妊娠
妊娠中の使用に関する利用可能なデータはありません主要な先天性欠損症、流産、または母体または胎児の有害な転帰の薬物関連リスクを評価する女性。局所耳投与後のシプロフロキサシンとデキサメタゾンの全身吸収が最小限であるため、妊娠中の女性に投与した場合、製品は母体および胎児の毒性のリスクが最小限であると予想されます
動物の生殖研究は実施されていません。妊娠中のマウスおよびラットに最大100mg / kgの用量で、胎児の奇形を引き起こすことが報告されていない妊娠中のウサギに最大30 mg / kgの用量で、器官形成中にシプロフロキサシンを経口投与する。これらの用量は、推奨される耳のヒト用量の少なくとも200倍でした(体表面積(BSA)に基づいて、それぞれマウス、ラット、ウサギでROHD)。

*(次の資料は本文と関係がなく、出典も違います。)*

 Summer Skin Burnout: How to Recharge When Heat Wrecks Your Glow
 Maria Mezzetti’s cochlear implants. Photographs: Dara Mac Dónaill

デキサメタゾンを使用すると、眼および全身投与後の動物実験で奇形が観察されました。
授乳
局所耳投与後の母乳にシプロフロキサシンとデキサメタゾンが存在するかどうかは不明
授乳中の女性への経口投与後の母乳中のシプロフロキサシンの存在は公表された文献で報告されています;ただし、局所耳投与後のシプロフロキサシンの全身吸収が最小限であるため、母乳育児によって乳児がシプロフロキサシンに曝露されることはないと予想されます
全身投与されたコルチコステロイドは母乳に現れます。母乳中のデキサメタゾンは成長を抑制する可能性があります。内因性コルチコステロイド産生を妨害する、または他の有害な影響を引き起こす;しかし、薬物の局所的な耳の投与がシステムをもたらす可能性があるかどうかは不明母乳中に検出可能な量のデキサメタゾンを生成するのに十分なマイク吸収
母乳生成に対するシプロフロキサシンまたはデキサメタゾンの効果に関するデータはありません
母乳育児の発達上および健康上の利点を考慮する必要があります薬物の組み合わせに対する母親の臨床的必要性、および母乳で育てられた子供に対する治療による潜在的な悪影響
妊娠カテゴリー
A:一般的に許容されます。妊娠中の女性を対象とした対照研究では、胎児のリスクの証拠は示されていません。
B:許容できる可能性があります。動物実験はリスクを示さないが人間研究は利用できないか、動物実験は軽微なリスクを示し、人間研究は行われ、リスクを示さなかった。 C:利益がリスクを上回る場合は注意して使用してください。動物実験では、リスクと人間実験が利用できないか、動物研究も人間研究も行われていないことが示されています。 D:より安全な薬が入手できない場合の生命を脅かす緊急事態での使用。人間の胎児のリスクの肯定的な証拠。 X:妊娠中は使用しないでください。関係するリスクは、潜在的な利益を上回ります。より安全な代替手段が存在します。 NA:情報はありません。